┌────────

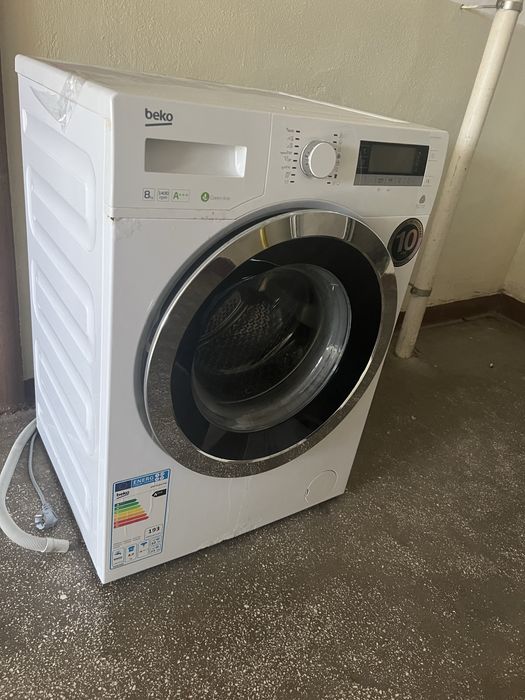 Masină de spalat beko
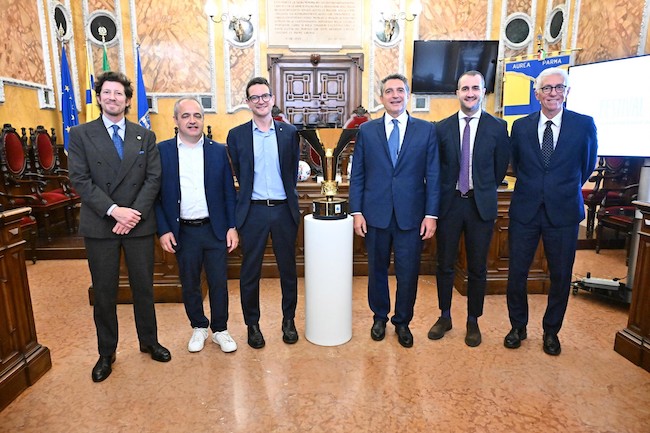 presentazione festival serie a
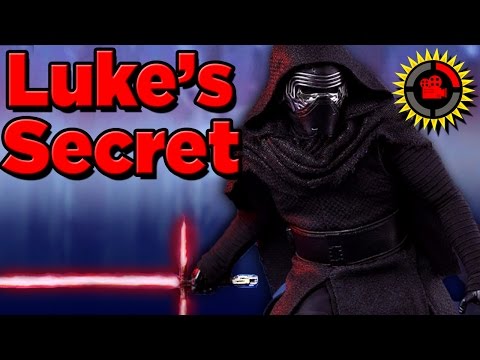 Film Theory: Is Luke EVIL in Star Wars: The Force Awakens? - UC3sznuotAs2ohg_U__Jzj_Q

└────────

The final stretch of the data, from the line with "presentazione festival serie a" through its last line, is to be retyped exactly; pictures are not part of the copy.

# TASK RESPONSE:
 presentazione festival serie a
 Film Theory: Is Luke EVIL in Star Wars: The Force Awakens? - UC3sznuotAs2ohg_U__Jzj_Q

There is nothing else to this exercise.